[Recorded data — start]
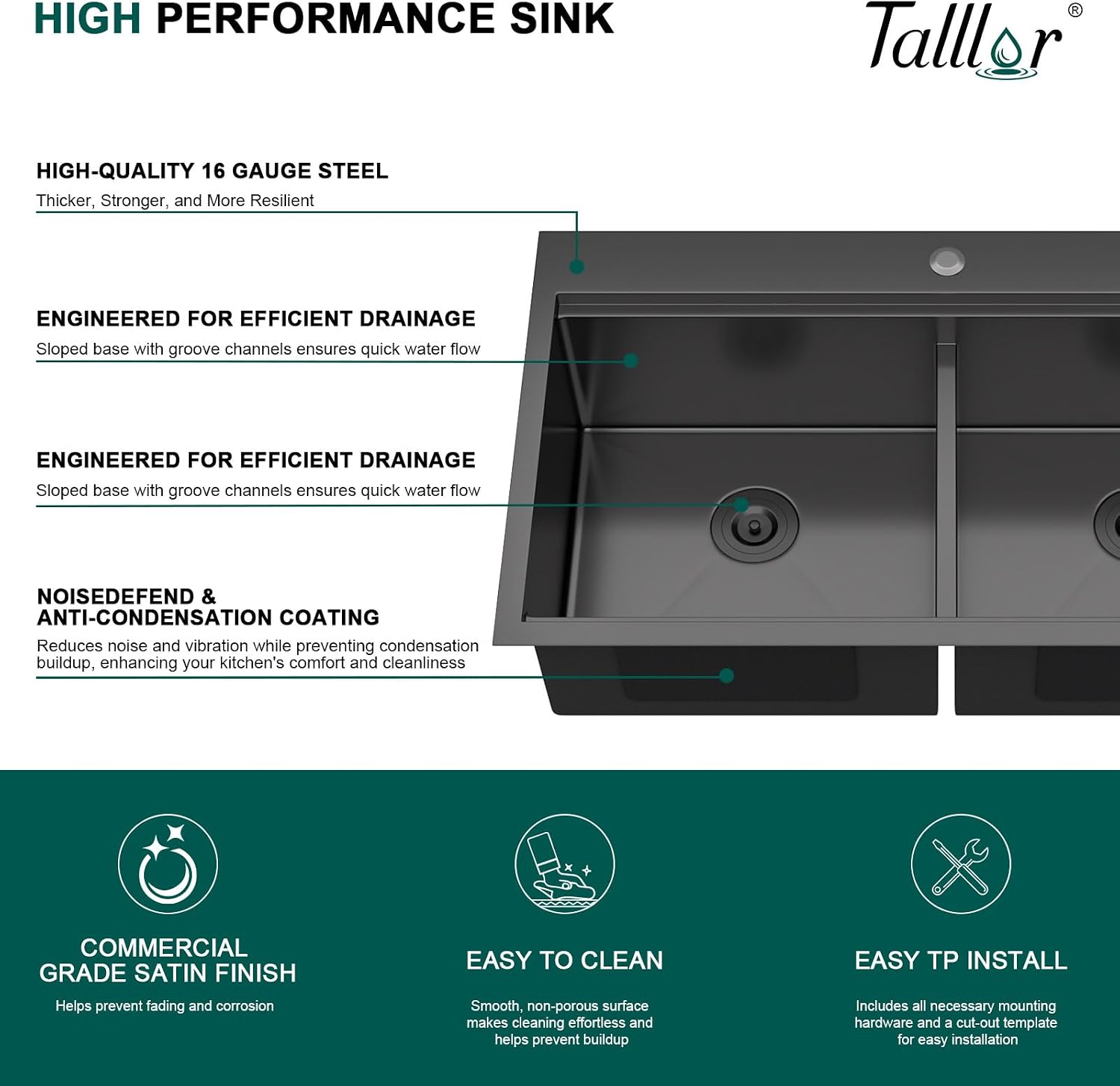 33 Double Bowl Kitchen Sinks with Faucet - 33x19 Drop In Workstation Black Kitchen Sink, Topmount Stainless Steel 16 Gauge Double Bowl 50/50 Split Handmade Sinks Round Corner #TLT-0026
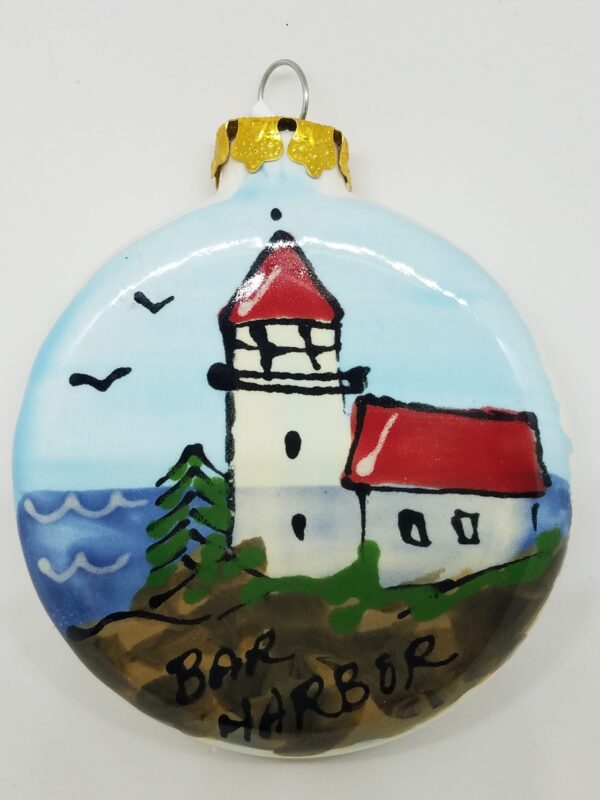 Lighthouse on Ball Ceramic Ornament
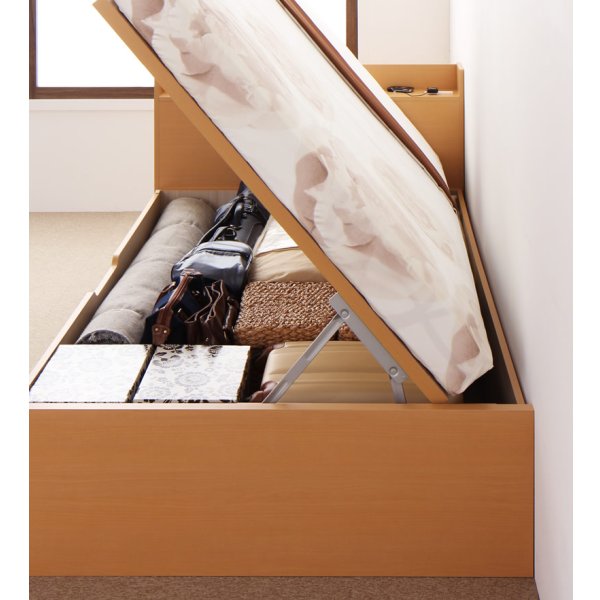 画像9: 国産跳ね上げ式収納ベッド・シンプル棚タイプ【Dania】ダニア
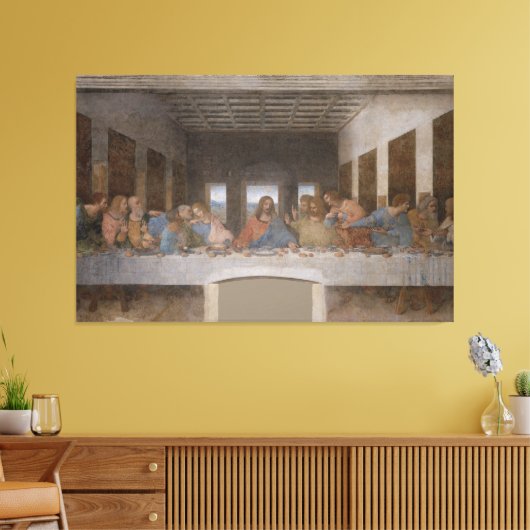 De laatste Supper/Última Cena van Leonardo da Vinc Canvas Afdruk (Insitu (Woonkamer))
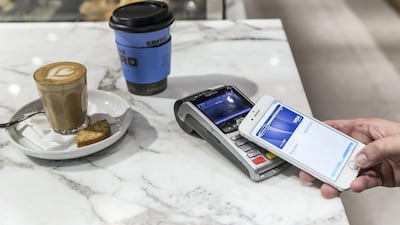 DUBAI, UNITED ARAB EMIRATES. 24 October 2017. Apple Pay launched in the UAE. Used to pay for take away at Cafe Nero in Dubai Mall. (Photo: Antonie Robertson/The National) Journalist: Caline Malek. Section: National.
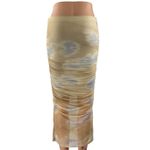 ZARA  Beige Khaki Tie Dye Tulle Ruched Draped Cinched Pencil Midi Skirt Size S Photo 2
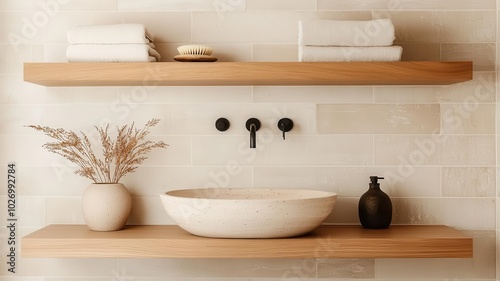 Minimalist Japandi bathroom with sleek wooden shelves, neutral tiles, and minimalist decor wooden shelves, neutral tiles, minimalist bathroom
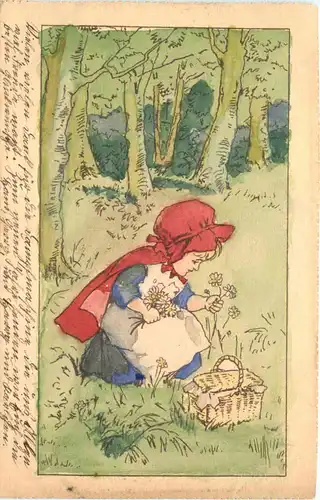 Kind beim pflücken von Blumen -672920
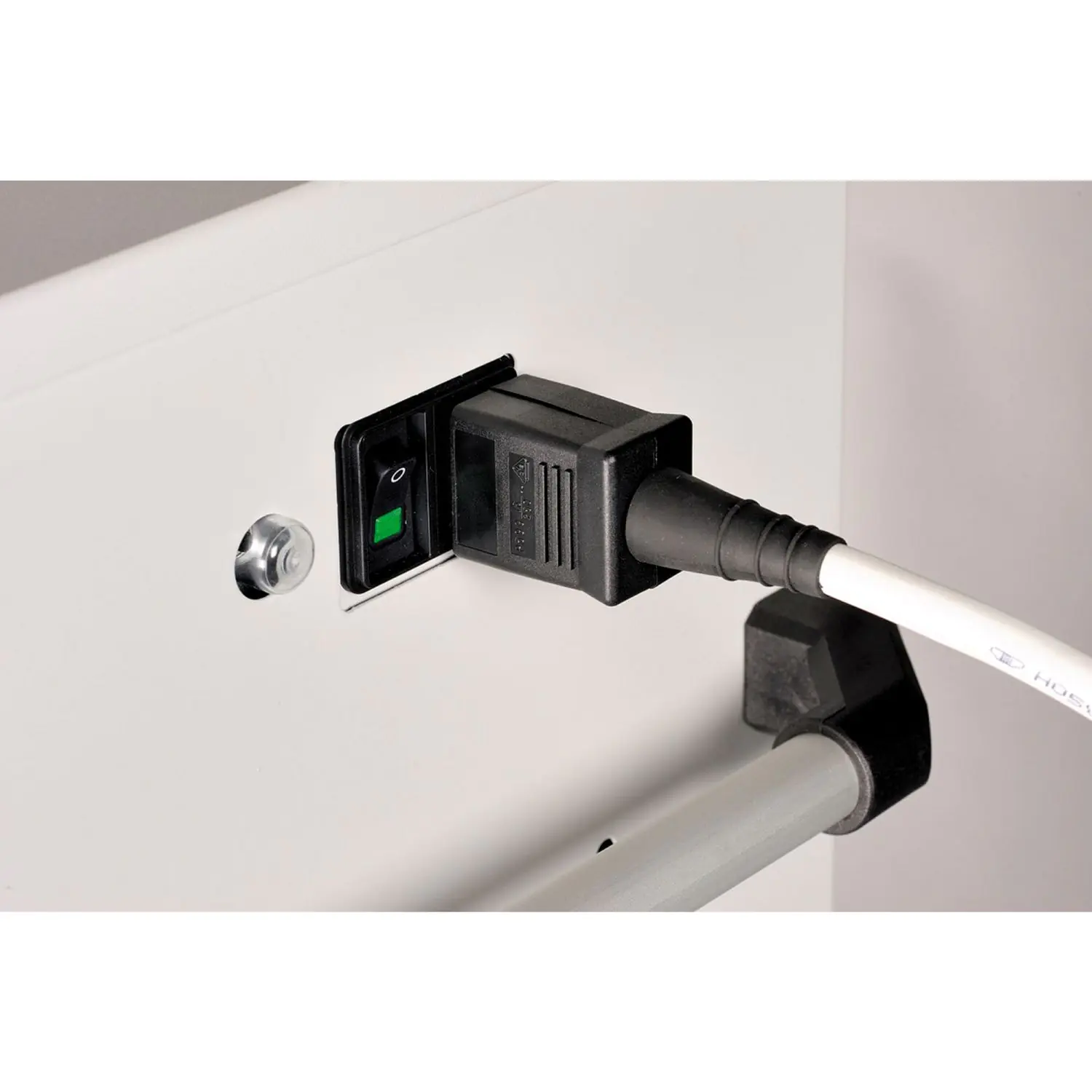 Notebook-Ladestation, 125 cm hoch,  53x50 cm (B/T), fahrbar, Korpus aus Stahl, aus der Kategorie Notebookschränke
[Recorded data — finish]
Work to be completed —
Write the lines from the one containing "De laatste Supper/Última" through the end of the data above exactly as they appear, and do not carry over any picture.

Reply —
 De laatste Supper/Última Cena van Leonardo da Vinc Canvas Afdruk (Insitu (Woonkamer))
 DUBAI, UNITED ARAB EMIRATES. 24 October 2017. Apple Pay launched in the UAE. Used to pay for take away at Cafe Nero in Dubai Mall. (Photo: Antonie Robertson/The National) Journalist: Caline Malek. Section: National.
 ZARA  Beige Khaki Tie Dye Tulle Ruched Draped Cinched Pencil Midi Skirt Size S Photo 2
 Minimalist Japandi bathroom with sleek wooden shelves, neutral tiles, and minimalist decor wooden shelves, neutral tiles, minimalist bathroom
 Kind beim pflücken von Blumen -672920
 Notebook-Ladestation, 125 cm hoch,  53x50 cm (B/T), fahrbar, Korpus aus Stahl, aus der Kategorie Notebookschränke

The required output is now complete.